Semua karya -karya diatas
menandakan bahwa karya sastra jawa modern saat ini sudah berkembang. Penulis
karya sastra jawa kuno dan tengahan yang lebih banyak menceritakan tentang kehidupan
kerajaan,namun sekarang telah memasuki zaman modern, sehingga karya -karya
sastra sekarang dikemas dengan ide yang lebih menarik, berisikan cerita-cerita
kehidupan abad sekarang, dan diselingi dengan pesan moral. Walaupun karya-karya
itu ditulis dalam bentuk novel yang awalnya berasal dari bangsa Barat, namun
sekarang lebih digemari dan bahkan menjadi bahan bacaan pokok.

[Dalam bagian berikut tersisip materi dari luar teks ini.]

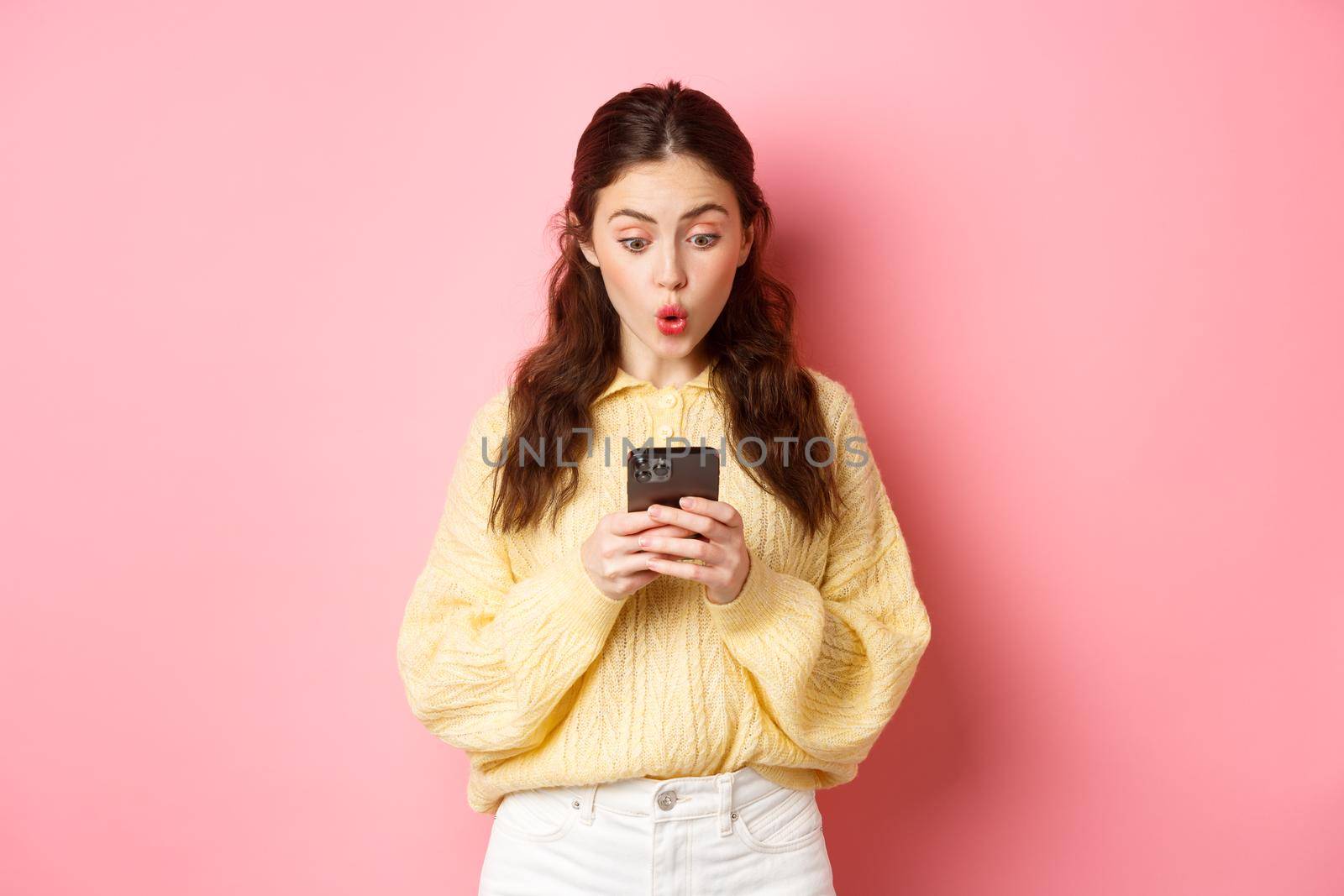 Portrait of surprised young woman reading message on smartphone and say wow, look curious at mobile screen, standing against pink background.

Masih banyak lagi tokoh-tokoh yang
memproduksi sastra modern, yang kebanyakan dalam bentuk novel berbahasa Jawa.
Para tokoh itu antara lain: Arjasaputra, Martayuwana, Admasismaya, Suratman
Sastradiarja, dan masih banyak lagi yang lain. Selama kurang lebih 30-an tahun
terus mengalami perkembangan, walau tidak mengalami banyak perubahan dalam hal
tema, baik itu perselisihan antara generasi muda dan tua, akibat mempunyai
istri 2, perselisihan dengan anak, perjodohan,
retaknya keluarga, dan lain-lain. Namun, cerita itu masih tetap enak
untuk dibaca dan mengandung pesan – pesan moral yang dapat diterapkan dalam
kehidupan kita.
Penggunaan huruf Latin dalam
penulisan buku mulanya hanya dilakukan dalam buku anak-anak dan buku tentang
jurnalistik, seperti karya Yitnasastra,dengan judul Kesah Layaran dateng Pulo
Papuwah. Penggunaan bahasa Jawa ngoko digunakan pada buku anak –anak sebagai bahan
bacaan ringan, contoh karya Sindupranata, Suratman Sastradiarja,Sastrasutiksna,
Kamsa Wiryasaksana, Kamit Nataasmara. Ketika bahasa ngoko ini digunakan untuk
bahan bacaan orang dewasa sebagai karya sastra, hal ini menjadi perubahan yang
sangat besar dan akibatnya penggunaan bahasa krama sekarang sulit bahkan langka
untuk dicari.
Kendala yang sering dialami oleh
penulis- penulis adalah penentuan atau penemuan plot cerita. Sehingga cerita
yang disajikan hanya suatu kejadian yang menarik bagi penulis dan itu bisa
disampaikan kepada para pembaca. Kelemahan dari hal ini adalah ceritanya sekali
habis dibaca dan buku-buku yang dihasilkan kecil-kecil. Bacaan buku yang luas
pemahamannya dengan plot yang memuaskan, hanya terdapat pada karya-karya bangsa
Barat dan diperlukan waktu luang untuk menikmati bacaan –bacaan itu.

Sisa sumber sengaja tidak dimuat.